If you agree to pocket it, she'll be placated, and you can use this to bargain with her in the future: I did you a favor last time, so you be quiet now. Not all daemons are unreasonable.

Multiple possessions must occupy different body parts. You can let a different daemon into each limb, or allow one to take over your whole body.

If you get possessed while you have no more parts to possess, you go completely mad. Roll a new PC.

[This, to me, is a more salient dungeon crawling clock than rations or lantern oil. Your mileage may vary.]

Thea (vice: dependent; spell: half duplicate)
(the missing half is always the most important part)

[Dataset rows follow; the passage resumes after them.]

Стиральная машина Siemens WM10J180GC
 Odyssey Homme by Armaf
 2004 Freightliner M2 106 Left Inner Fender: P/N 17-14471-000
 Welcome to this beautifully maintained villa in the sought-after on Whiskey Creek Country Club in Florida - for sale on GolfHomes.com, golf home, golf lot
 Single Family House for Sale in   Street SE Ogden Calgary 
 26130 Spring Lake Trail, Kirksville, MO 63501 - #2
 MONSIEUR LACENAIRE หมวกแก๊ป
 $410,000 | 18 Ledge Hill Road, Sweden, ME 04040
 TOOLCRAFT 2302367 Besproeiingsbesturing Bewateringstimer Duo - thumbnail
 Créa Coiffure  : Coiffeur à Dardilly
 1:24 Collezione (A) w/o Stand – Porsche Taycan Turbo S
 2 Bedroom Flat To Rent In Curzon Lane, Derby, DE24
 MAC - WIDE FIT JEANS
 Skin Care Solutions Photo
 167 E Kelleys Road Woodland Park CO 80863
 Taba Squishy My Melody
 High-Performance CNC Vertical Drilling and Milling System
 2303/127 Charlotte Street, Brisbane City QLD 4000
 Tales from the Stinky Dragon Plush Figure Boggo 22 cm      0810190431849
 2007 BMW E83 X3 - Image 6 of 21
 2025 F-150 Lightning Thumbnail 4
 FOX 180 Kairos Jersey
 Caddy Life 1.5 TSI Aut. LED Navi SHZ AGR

 The 40 vices above and the 40 daemons in the other posts don't line up, but I'm sure y'all can make it work. Here's four more to make up the difference.

  • Chérie - A lump of black stone shaped like a fetus in various stages of development. Perceptive, vulgar, intellectually dishonest. Feigns helplessness to get what she desires most of all: cigars. When cast, an object you touch cries like a baby for [sum] minutes.
  • Vestal - A rusty chain around your neck. Dreamily compares you to a drowned corpse; would like you to play along, cold, wet, and breathless. Cries distractingly if you have sex. When cast, your target can't breathe for as long as you hold your breath.
  • Sven - You, slowly pulling snakes out of a hole in your head, with a fork. Appears in mirrors, rasps painfully. Wants to destroy everything that reminds you of your past. When cast, forget the last [sum] minutes, removing any vices gained (and other mental hitchhikers).
  • Onoskelis - The back half of a pale horse. Startles at the slightest provocation, then gets mad at you for laughing at her. (She thinks everyone who isn't also terrified is laughing at her.) When cast, kick a wizard in the head for [sum] damage. All of their prepared spells go off at once, simultaneously and randomly.


more nsfw ahead

surprise ttrpg book review thinkaloud

Eagle-eyed readers may notice the table of vices is stolen from/inspired by Vice & Violence, a pornographic(!) free(!!!!) fantasy ttrpg by Rapscallion. The rest of this post is a list of various things from V&V that I liked and intend to steal for my games (more than Daggerheart ever did for me), because this is my blog and I do what I want.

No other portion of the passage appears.